En ese contexto, la figura de un tercero en discordia, José Antonio Pérez Tapia, resulta muy atractiva por provenir, no del aparato oficial, sino de la militancia anónima que conserva la ilusión por unas ideas de transformación, progreso y justicia en la sociedad, se adhiere a aquellos viejos ideales socialistas de justicia, igualdad y libertad que todavía no han sido pisoteados por los intereses del mercado y el sistema político que los favorece. Este candidato era, a todas luces, el perdedor por utópico de una confrontación que buscaba modificar antes el escaparate que la estructura del PSOE, y en la que ha resultado vencedora la apuesta del aparato. Yo hubiera estado entre los perdedores votantes de Tapias, satisfecho por haber tenido la oportunidad de manifestar mis preferencias perdedoras de manera tan inútil.

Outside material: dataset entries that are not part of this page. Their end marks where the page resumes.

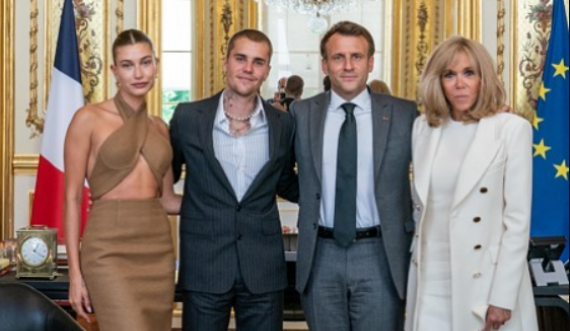 Justin dhe Hailey Bieber në takim me presidentin francez dhe gruan e tij, modelja surprizon me veshjen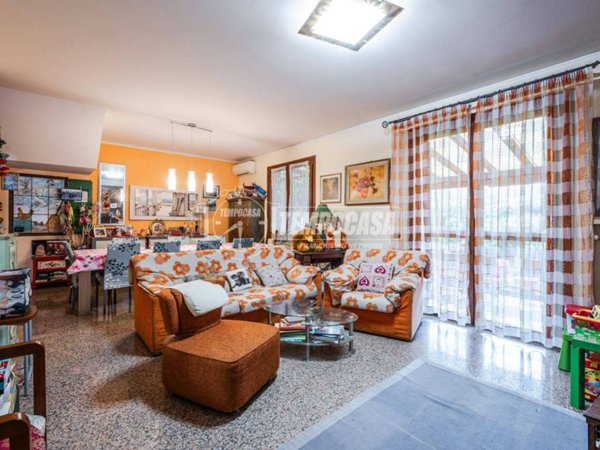 casa indipendente in vendita a Modena in zona San Faustino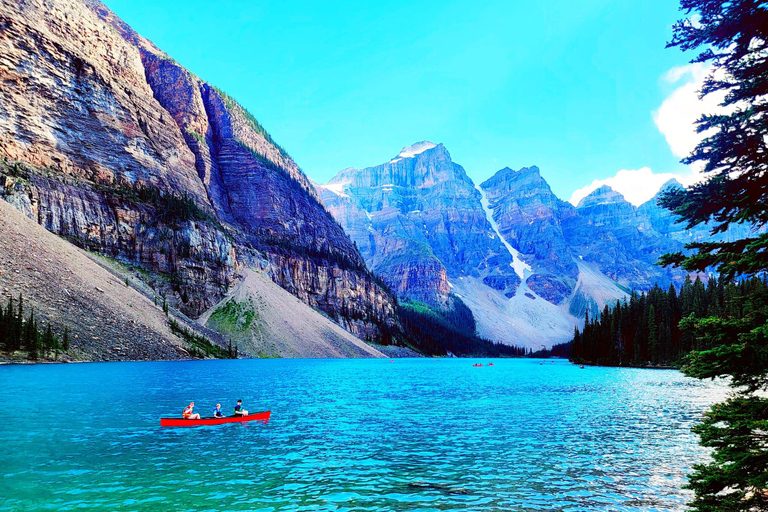 Banff: Lake Louise and Moraine Lake Tour with Pickup & Drop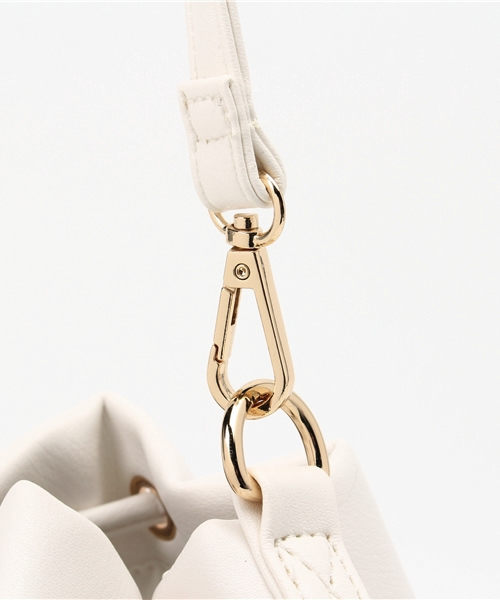 Chico（チコ）の「前ポケット巾着２WAYバッグ（ショルダーバッグ・レディース・ホワイト・FREE）」の4枚目の写真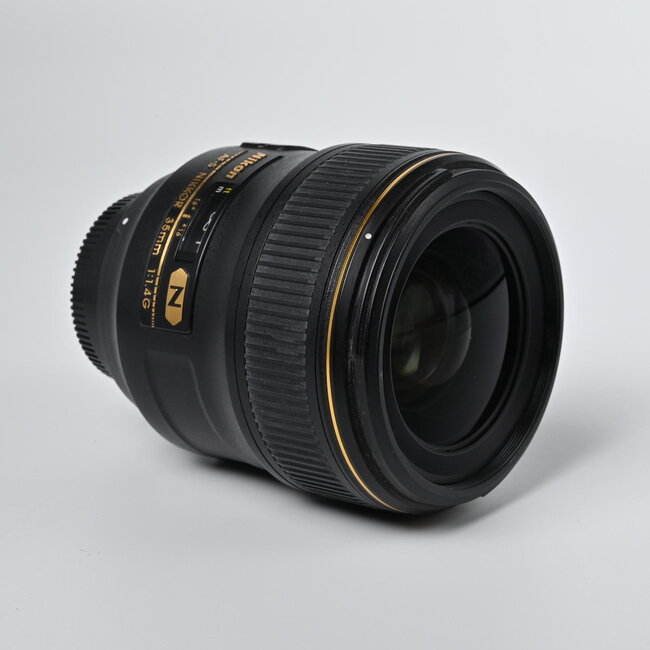 Nikon Used Nikon AF-S NIKKOR 35mm f/1.4G Lens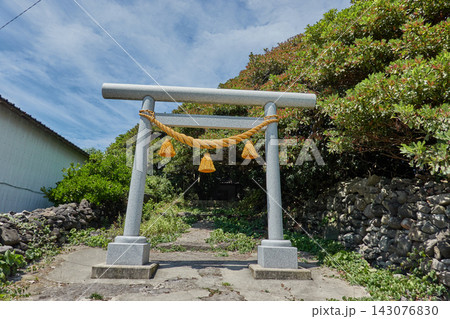 舳倉島 石鳥居 集落の社 舳倉島 石鳥居 集落の社 143076830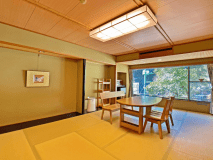 和室20畳（14畳+6畳）テーブル部屋（バス・トイレ別）禁煙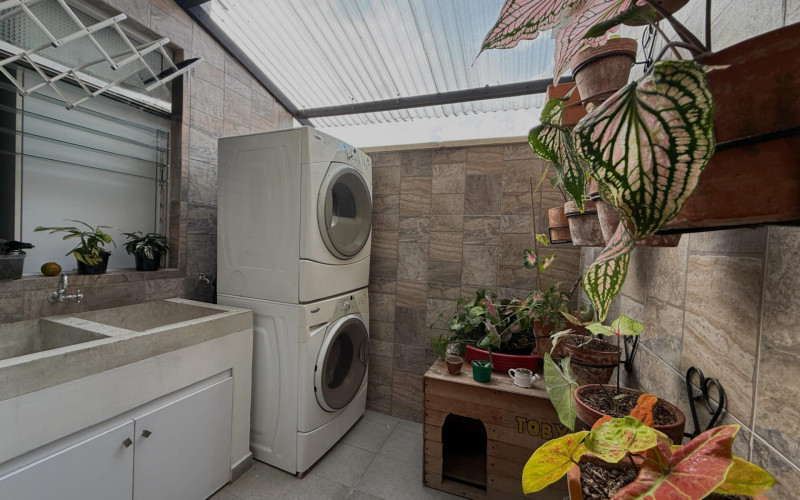 Apartamento en Medellín en Laureles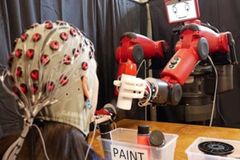 Chế tạo cánh tay robot được điều khiển bằng não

Por eso, y con dos ejemplos basta, me atraen los perdedores. Suelen tener la razón de su parte y la ética de su perdición. No vencen, pero convencen, y sus convicciones arraigan más en el tiempo que los triunfos materiales de los poderosos. La humildad de unos frente a la arrogancia de otros no tiene comparación y hay que ser muy cínico para hacer de comparsa con el ganador. Así que, puestos a decidir, yo escojo siempre al perdedor. No lo puedo evitar.